## PROBLEM DESCRIPTION
Return all the lines below exactly as written. Drop every picture.

## INFORMATION PROVIDED

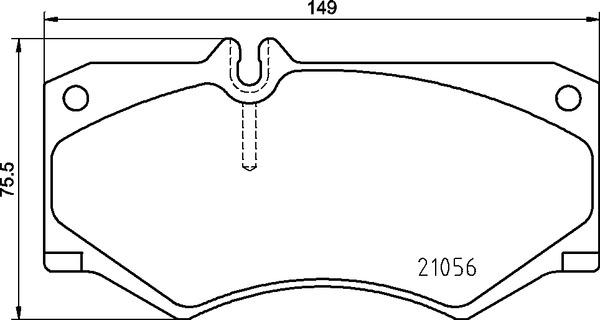 Brembo P 50 134 - Kit pastiglie freno, Freno a disco autozon.pro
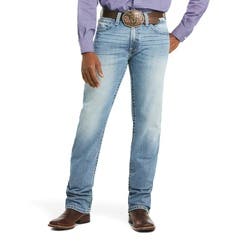 Ariat M2 Stirling Series Jeans, 36 in, 32 in L, Shasta, Bootcut, Relaxed, Stretchable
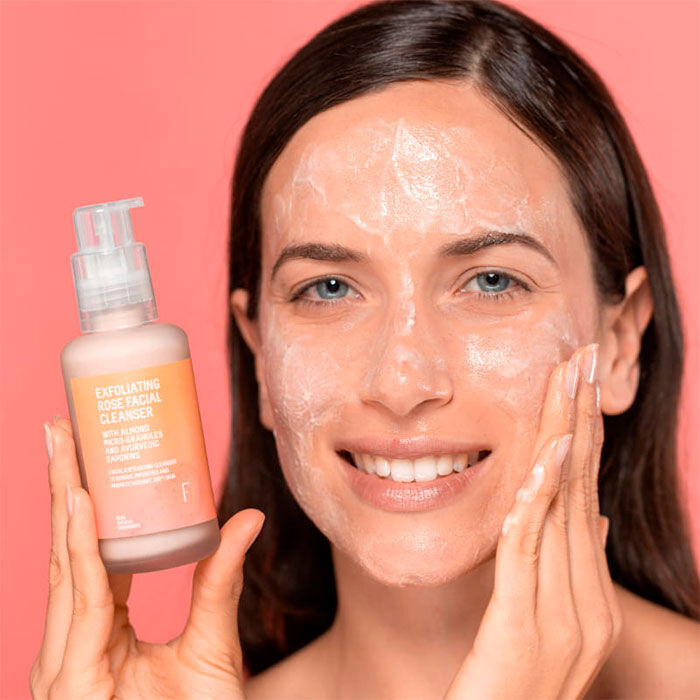 Exfoliating Rose Facial Cleanser  100ml-214281 2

## TASK RESULT
 Brembo P 50 134 - Kit pastiglie freno, Freno a disco autozon.pro
 Ariat M2 Stirling Series Jeans, 36 in, 32 in L, Shasta, Bootcut, Relaxed, Stretchable
 Exfoliating Rose Facial Cleanser  100ml-214281 2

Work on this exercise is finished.